Bagikan:

JAKARTA - Sekjen PDI Perjuangan (PDIP) Hasto Kristiyanto mengatakan partai politik di Indonesia harus menjalankan fungsi pendidikan dan kaderisasi. Jangan sampai parpol hanya mengandalkan urusan elektoral untuk memenangkan pemilihan umum (pemilu).

Hal itu disampaikan Hasto Kristiyanto dalam Seminar Internasional bertema Partai Politik dan Demokrasi: Peran Partai Politik Dalam Mempromosikan Keadilan dan Perdamaian Dunia. Kegiatan ini dilaksanakan di Yogyakarta secara daring maupun luring, Senin, 4 Juli.

Awalnya, Hasto mengatakan pendidikan dan kaderisasi di partai kerap terhambat karena sistem politik elektoral. Adapun sistem tersebut muncul karena ada pergeseran sistem demokrasi di Indonesia sejak 1998.

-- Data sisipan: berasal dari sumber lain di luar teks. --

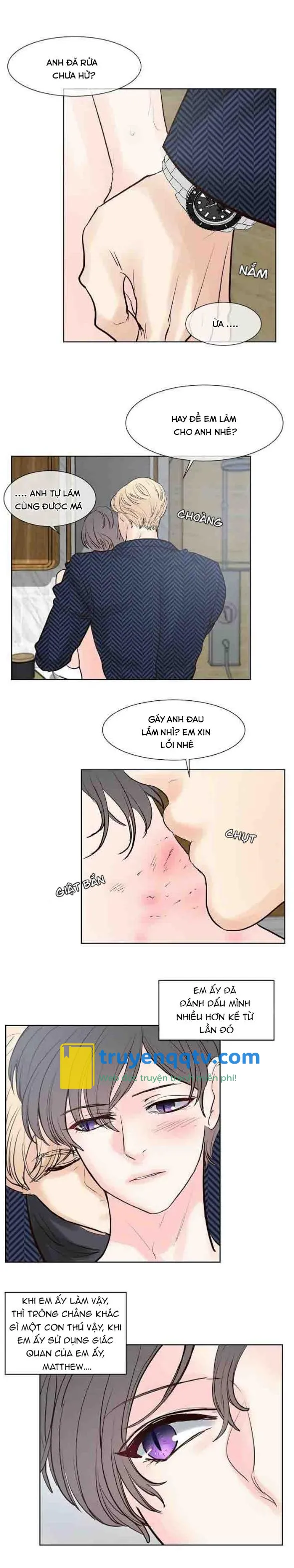 HAR Đụng Là Nóng Mà Chạm Là Chạy Chapter 42 - Next Chapter 43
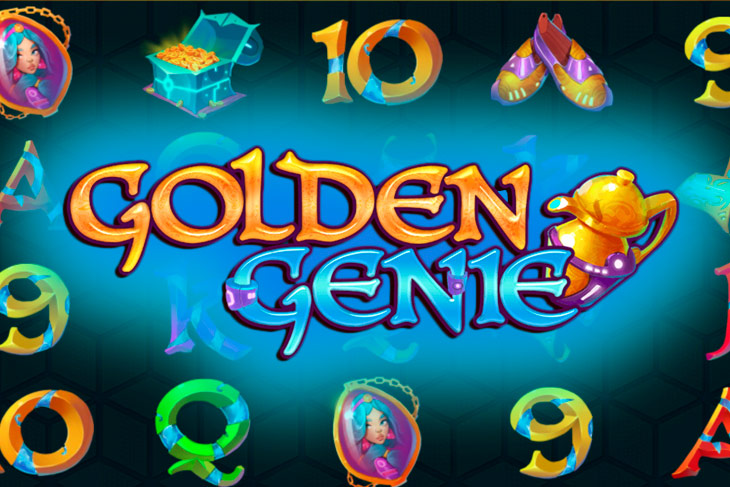 Golden Genie - Swintt slot at Brango Casinò Casino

Pada tahun tersebut, Indonesia mengikuti gaya politik di Amerika Serikat yang menjadikan partai untuk memenangkan pemilu. Padahal, tiap parpol harusnya mengedepankan ilmu pengetahuan dan teknologi, riset dan inovasi guna berperan bagi semua pihak.

"Kecenderungan yang terjadi, demokrasi liberal dan demokrasi elektoral ini, kemudian membuat kaderisasi parpol tidak dilakukan dengan baik, sehingga parpol tidak mampu memberikan insentif bagi pendidikan politik dan kaderisasi kepemimpinan," kata Hasto seperti dikutip dari keterangan tertulisnya, Senin, 4 Juli.

Kondisi inilah yang kemudian membuat PDIP menjadi gelisah. Sehingga, harusnya perubahan sistem dan paradigma politik harus dilakukan.

Tradisi intelektual, sambung Hasto, termasuk mendidik para kader harus dilakukan. Apalagi, para pendiri bangsa dulunya masuk ke dalam partai politik dengan kemampuan intelektual yang tinggi bukan sekadar hanya ingin berpolitik.

"Dengan tradisi ini, kepemimpinan intelektual memahami arah masa depan, namun membumi pada persoalan pokok bangsa," tegasnya.

Hasto mengingatkan, berpolitik bukan hanya sekadar mencoba dan beretorika saja. Ada berbagai hal yang harus dilakukan termasuk meningkatkan tradisi intelektual.

"Karena itulah masuk parpol bukan dengan mencoba-coba kemudian dengan berdasarkan retorika," ungkap Hasto.

"Berpartisipasi ke depan harus dimulai dengan tradisi intelektual. Sebab dengan begitu akan dibangun kepemimpinan dengan daya juang untuk mengetahui arah masa depan," pungkasnya.